A stocky, scarred, spiky-haired, unshaven, and very tough-looking little man sat up. He had a bandaged shoulder, but otherwise seemed as naked as the woman next to him. "It's some kind of Orificer, Ginny. A major. Parachute brigade, I think. I thought all they did was formation jumps at parades. And if he doesn't stop staring at your tits, I'm going to escalope his private parts."

Van Klomp was a good judge of men. His balls were at real risk. He hastily tried to concentrate on faces.

Virginia Shaw put an arm around her man and kissed him. Then she turned to blink at Van Klomp again, who had been joined by almost the whole squad. She smiled sweetly. "Why don't you come back later, Major? Much later."

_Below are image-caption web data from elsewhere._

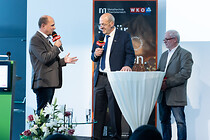 005IMG_1270.jpg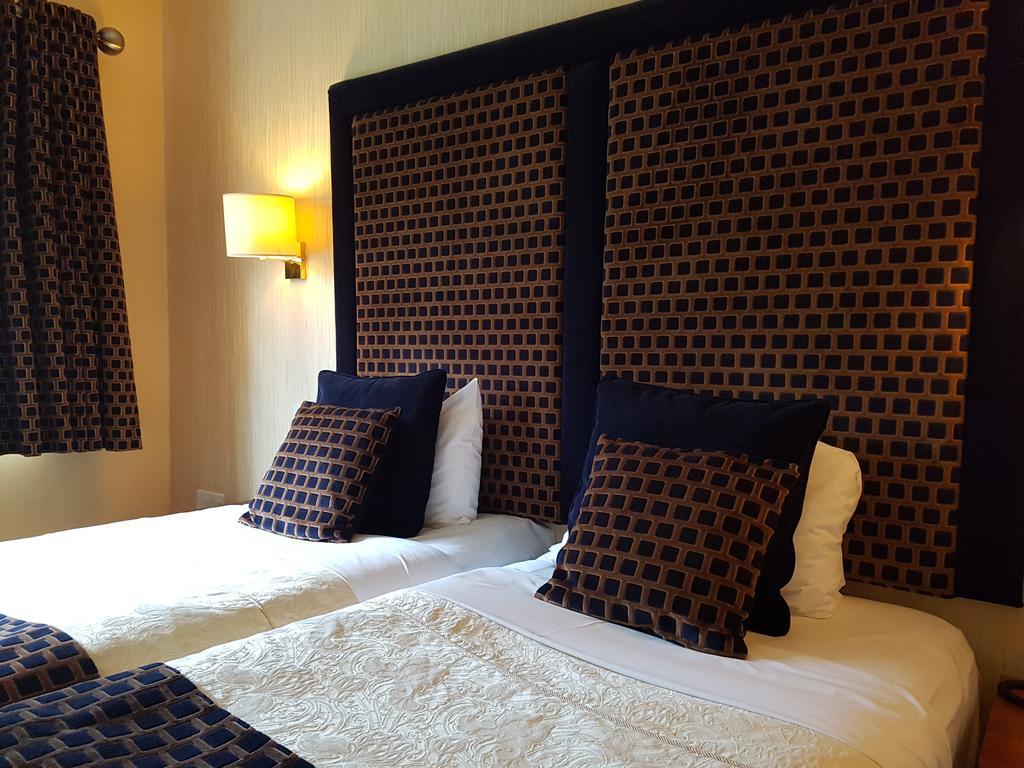 Carlton Park Hotel Rotherham Esterno foto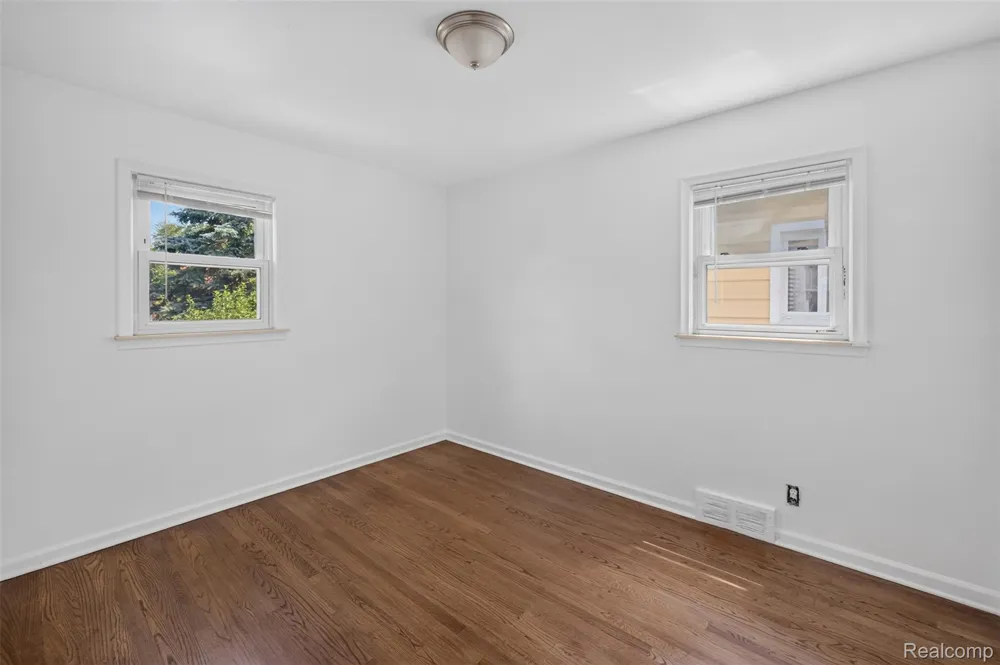 22864 Lambrecht Avenue Eastpointe City, MI 48021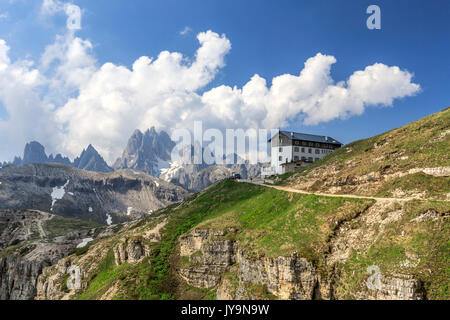 Panoramablick auf Cadini di Auronzo und Misurina Zuflucht. Venetien Sextner Dolomiten Italien Europa Stockfoto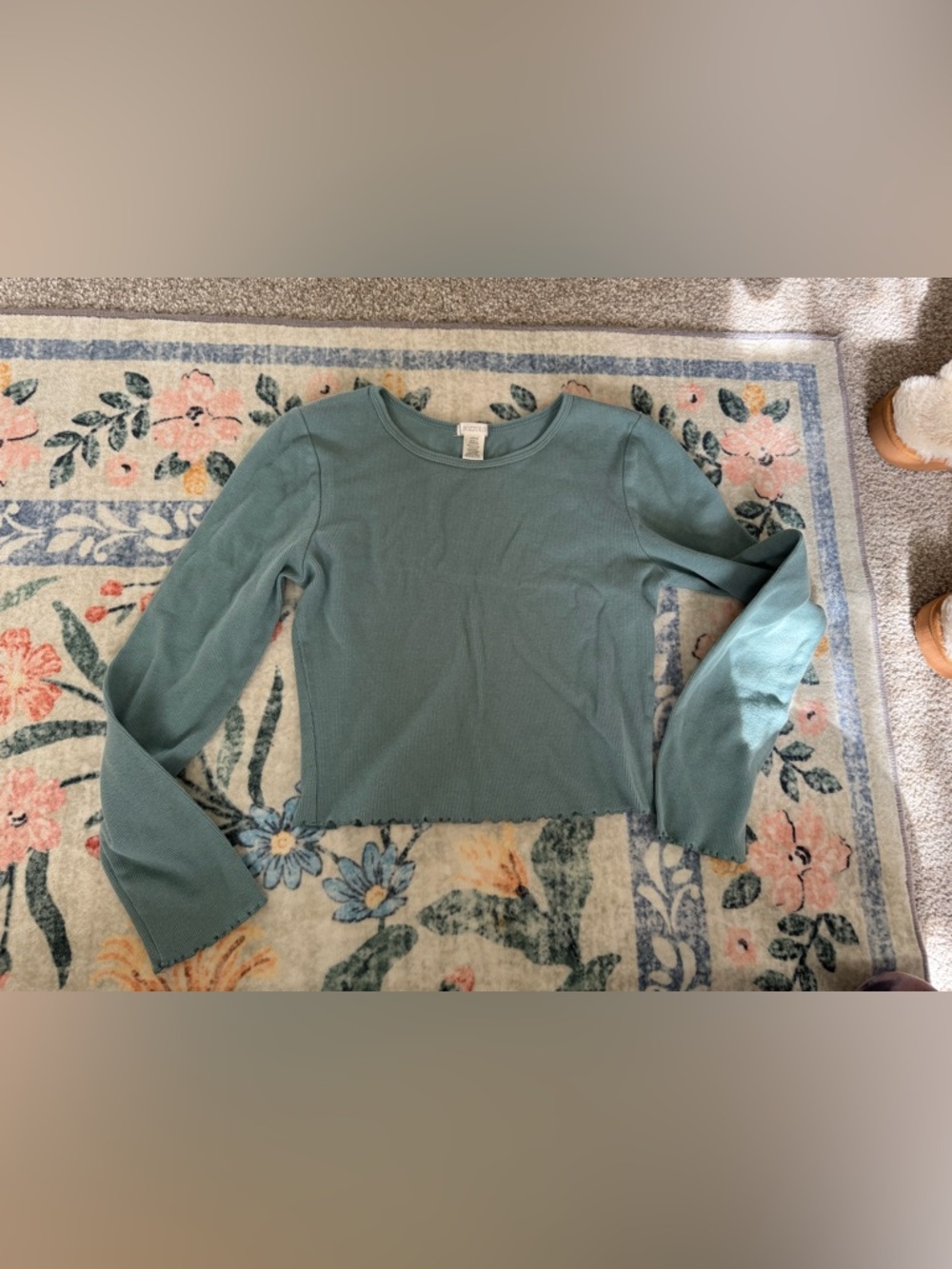 Bozzolo Ribbed Long Sleeve Crop Top in Sage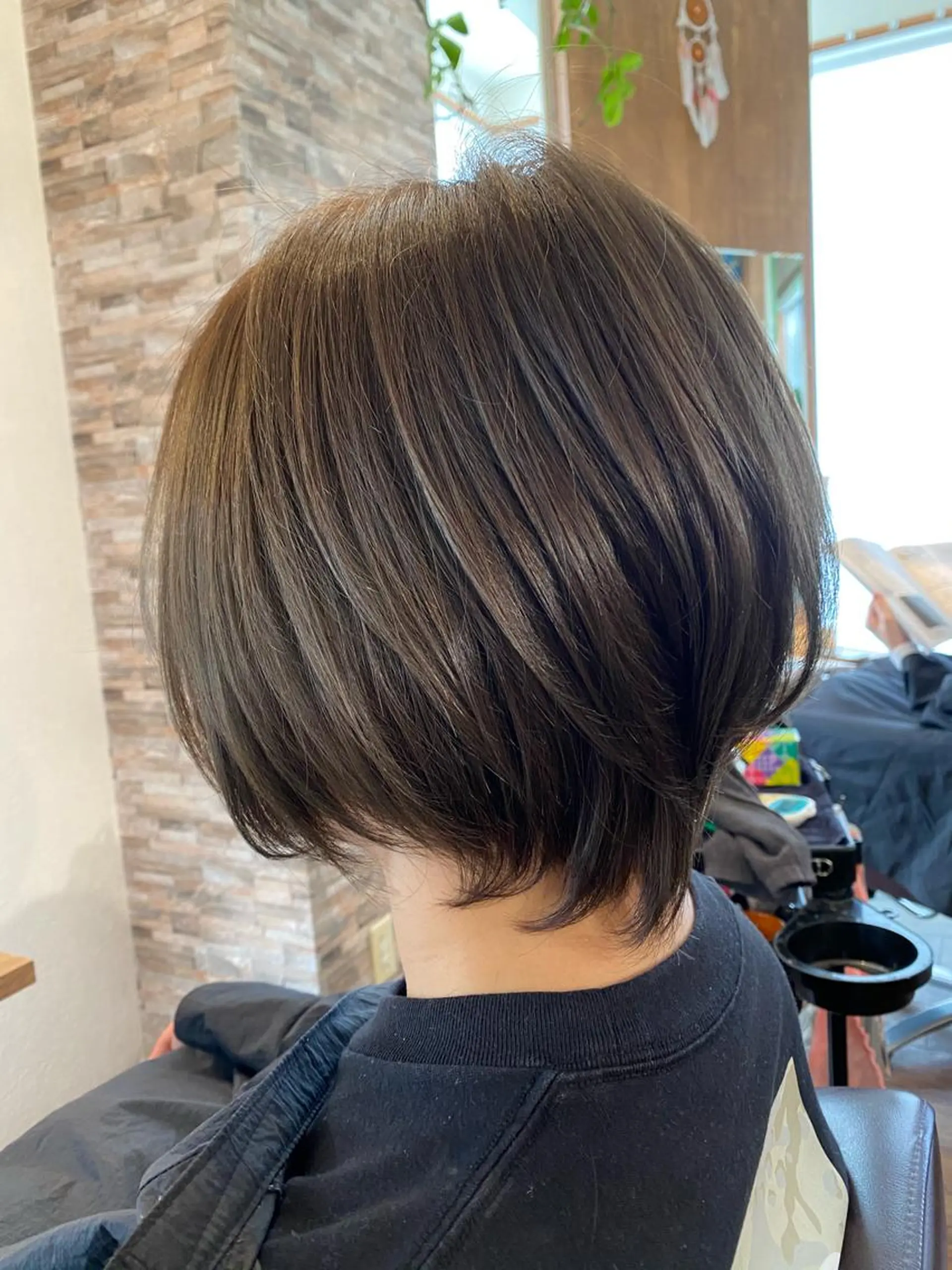 ショート カラー ブリーチ グレージュ ブリーチなしカラー 栞美容室所属・三浦 健太郎のヘアスタイル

For the first time in his life, Van Klomp, the loudest man on Harmony And Reason, was utterly silenced. He watched as she pulled the stocky dark-haired soldier down onto the bed again, and threw one long, slim leg over him.

***

The paratrooper corporal at Van Klomp's side turned hastily towards the fire, brandishing his bangstick. There was something blue, hairy and totally alien standing there. And A one-eyed rat, a slightly plump bat, and a tiny, big-eyed, delicate little creature staggered their way around bloated Maggot bodies toward them. Arm-in-arm. Or arm on wing, anyway. The rat held out a bottle.

The unsuspecting Van Klomp took it, and took a swig. While he was still gasping, the small fluffy-toy cute creature, swaying a little, gestured at the large, hairy-armed, two-hundred-ten-pound Godzilla-in-human-form corporal next to him.

"How much, senor," asked the soup-mug sized creature, "for your sister?"